L’inversion du temps donne lieu à des moments à couper le souffle et le réalisateur a bien raison de ne pas se priver de les multiplier, mais le prix à payer est trop élevé. Pour une fois, heureusement, les effets spéciaux ne sont pas partout, ce qui est d’ailleurs très curieux. Mais la musique, elle, fait preuve de peu de goût. Dès la scène d’ouverture, qui se déroule dans un opéra, on nous sert le son de corne, insupportable leitmotiv de la filmographie de Nolan. De thèmes electro minimalistes en toccatas grandiloquentes et ultrasoutenues, on croirait entendre l’habituel Hans Zimmer, mais c’est le plus jeune Ludwig Göransson qui le remplace. Le Suédois oscarisé, ami de Zimmer, s’emploie à donner la meilleure imitation de son aîné (fait amusant : Zimmer a depuis signé, pour la première fois, la musique du prochain 007, No Time to Die) pour un exercice amusant pour un compositeur mais terrible à subir pour le spectateur.

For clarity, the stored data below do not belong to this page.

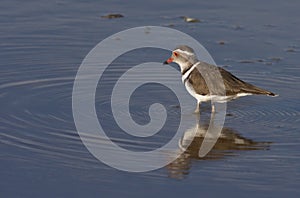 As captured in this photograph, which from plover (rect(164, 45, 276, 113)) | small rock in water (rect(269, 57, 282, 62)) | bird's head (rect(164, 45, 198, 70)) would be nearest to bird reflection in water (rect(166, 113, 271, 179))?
plover (rect(164, 45, 276, 113))

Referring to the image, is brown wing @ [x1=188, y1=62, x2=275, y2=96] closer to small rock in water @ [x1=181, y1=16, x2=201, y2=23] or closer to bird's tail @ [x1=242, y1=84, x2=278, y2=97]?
bird's tail @ [x1=242, y1=84, x2=278, y2=97]

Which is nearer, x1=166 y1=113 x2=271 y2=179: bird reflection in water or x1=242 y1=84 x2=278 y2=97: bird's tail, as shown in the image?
x1=166 y1=113 x2=271 y2=179: bird reflection in water

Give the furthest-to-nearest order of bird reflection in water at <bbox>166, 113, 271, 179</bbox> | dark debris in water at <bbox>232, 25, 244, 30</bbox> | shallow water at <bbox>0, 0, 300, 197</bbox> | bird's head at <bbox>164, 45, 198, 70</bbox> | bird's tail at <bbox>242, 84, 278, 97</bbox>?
dark debris in water at <bbox>232, 25, 244, 30</bbox>, bird's head at <bbox>164, 45, 198, 70</bbox>, bird's tail at <bbox>242, 84, 278, 97</bbox>, bird reflection in water at <bbox>166, 113, 271, 179</bbox>, shallow water at <bbox>0, 0, 300, 197</bbox>

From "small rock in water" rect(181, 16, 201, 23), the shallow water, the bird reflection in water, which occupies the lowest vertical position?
the bird reflection in water

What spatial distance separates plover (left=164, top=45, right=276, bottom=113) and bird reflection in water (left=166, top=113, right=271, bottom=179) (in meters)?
0.74

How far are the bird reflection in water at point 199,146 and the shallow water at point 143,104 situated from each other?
0.07 ft

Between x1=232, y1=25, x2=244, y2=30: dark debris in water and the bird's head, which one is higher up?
x1=232, y1=25, x2=244, y2=30: dark debris in water

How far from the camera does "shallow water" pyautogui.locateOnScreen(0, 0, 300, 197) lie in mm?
8367

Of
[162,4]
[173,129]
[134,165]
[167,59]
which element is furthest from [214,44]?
[134,165]

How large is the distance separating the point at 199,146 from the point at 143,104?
168cm

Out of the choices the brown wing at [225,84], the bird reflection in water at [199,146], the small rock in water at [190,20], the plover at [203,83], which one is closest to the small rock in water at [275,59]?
the plover at [203,83]

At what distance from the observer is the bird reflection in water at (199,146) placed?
29.3 ft

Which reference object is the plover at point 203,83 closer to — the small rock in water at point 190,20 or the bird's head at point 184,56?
the bird's head at point 184,56

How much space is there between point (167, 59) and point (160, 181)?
4.72 m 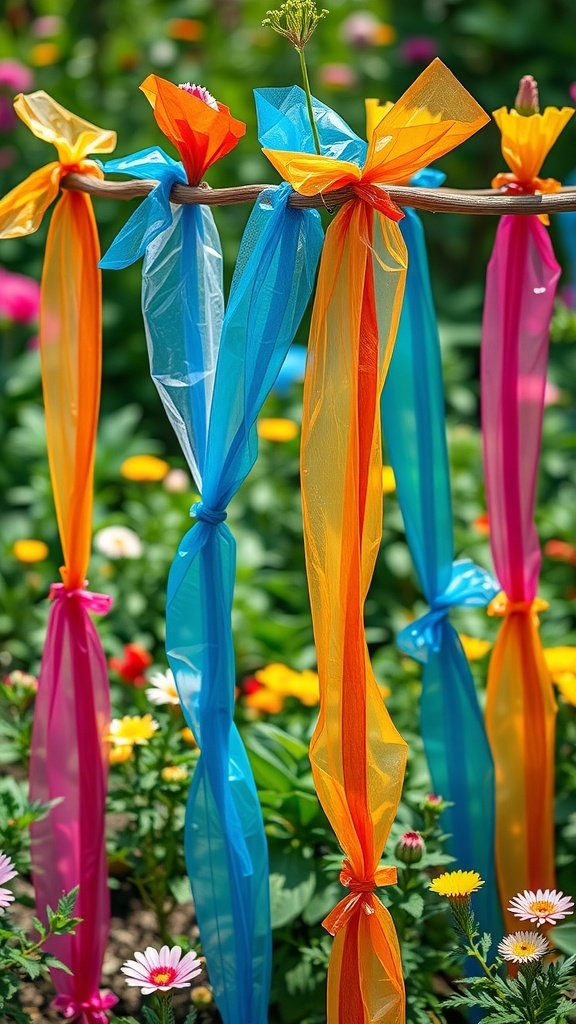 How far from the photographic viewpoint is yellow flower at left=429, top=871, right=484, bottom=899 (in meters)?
1.43

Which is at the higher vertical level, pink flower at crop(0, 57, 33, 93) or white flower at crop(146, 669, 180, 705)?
pink flower at crop(0, 57, 33, 93)

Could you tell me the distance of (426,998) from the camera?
164 cm

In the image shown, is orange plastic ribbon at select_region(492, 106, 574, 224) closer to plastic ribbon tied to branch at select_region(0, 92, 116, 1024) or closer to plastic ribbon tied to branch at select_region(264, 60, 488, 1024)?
plastic ribbon tied to branch at select_region(264, 60, 488, 1024)

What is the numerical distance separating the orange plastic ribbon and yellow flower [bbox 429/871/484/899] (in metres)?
0.80

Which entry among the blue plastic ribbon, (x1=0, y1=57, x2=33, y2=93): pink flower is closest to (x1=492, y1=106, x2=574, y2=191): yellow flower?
the blue plastic ribbon

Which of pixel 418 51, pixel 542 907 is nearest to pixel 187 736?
pixel 542 907

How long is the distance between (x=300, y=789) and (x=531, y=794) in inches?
13.3

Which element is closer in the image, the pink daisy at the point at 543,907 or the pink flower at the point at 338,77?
the pink daisy at the point at 543,907

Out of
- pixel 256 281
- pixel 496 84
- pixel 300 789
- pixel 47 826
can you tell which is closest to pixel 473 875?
pixel 300 789

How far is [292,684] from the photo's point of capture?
7.14 ft

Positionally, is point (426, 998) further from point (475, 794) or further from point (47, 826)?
point (47, 826)

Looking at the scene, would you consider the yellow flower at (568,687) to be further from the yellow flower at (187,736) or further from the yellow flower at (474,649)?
the yellow flower at (187,736)

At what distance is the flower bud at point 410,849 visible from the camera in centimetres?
157

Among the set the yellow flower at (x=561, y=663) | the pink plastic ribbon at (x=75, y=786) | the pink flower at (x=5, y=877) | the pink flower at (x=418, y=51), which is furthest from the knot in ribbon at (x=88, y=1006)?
the pink flower at (x=418, y=51) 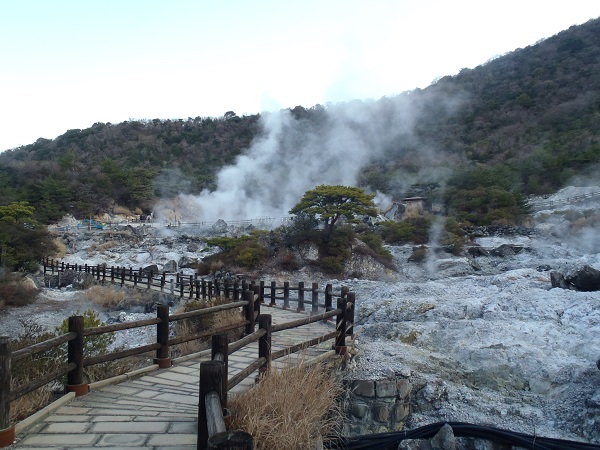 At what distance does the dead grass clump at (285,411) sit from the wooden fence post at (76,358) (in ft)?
6.03

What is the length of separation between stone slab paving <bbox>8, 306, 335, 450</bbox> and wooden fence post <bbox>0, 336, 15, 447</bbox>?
98mm

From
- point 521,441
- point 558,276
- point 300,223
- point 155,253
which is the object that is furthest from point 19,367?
point 155,253

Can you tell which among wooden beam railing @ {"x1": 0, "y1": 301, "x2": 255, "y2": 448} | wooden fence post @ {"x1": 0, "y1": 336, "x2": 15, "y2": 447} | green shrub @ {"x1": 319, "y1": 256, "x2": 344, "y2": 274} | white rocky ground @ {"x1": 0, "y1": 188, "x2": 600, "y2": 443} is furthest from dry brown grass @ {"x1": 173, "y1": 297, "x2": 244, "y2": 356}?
green shrub @ {"x1": 319, "y1": 256, "x2": 344, "y2": 274}

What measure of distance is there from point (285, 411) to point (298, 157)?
5977cm

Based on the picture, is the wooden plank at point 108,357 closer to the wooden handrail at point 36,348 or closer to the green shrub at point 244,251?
the wooden handrail at point 36,348

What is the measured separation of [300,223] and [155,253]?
39.3ft

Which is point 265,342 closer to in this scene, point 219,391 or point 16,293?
point 219,391

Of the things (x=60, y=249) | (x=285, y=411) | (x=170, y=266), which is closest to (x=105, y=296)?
(x=170, y=266)

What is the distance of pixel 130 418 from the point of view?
3967mm

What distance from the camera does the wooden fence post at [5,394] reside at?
333cm

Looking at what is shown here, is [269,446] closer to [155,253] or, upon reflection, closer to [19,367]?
[19,367]

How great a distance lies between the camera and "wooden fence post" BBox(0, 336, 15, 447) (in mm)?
3330

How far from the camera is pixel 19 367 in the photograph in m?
5.32

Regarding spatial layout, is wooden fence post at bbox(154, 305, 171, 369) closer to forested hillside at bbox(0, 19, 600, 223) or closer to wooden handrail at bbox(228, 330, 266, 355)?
wooden handrail at bbox(228, 330, 266, 355)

Tenet s’inscrit dans la lignée des blockbusters complexés qui n’assument pas d’être des blockbusters et qui cherchent à être reconnus pour autre chose que la seule qu’ils font bien: offrir un spectacle véritablement haletant et qui justifie son succès. Alors, c’est sûr, les fans de Christopher Nolan, habitués aux mêmes simagrées, y trouveront leur compte. Les autres savent déjà que Tenet est le type de film dont on ne tire pas d’autre plaisir que celui d’aimer le détester.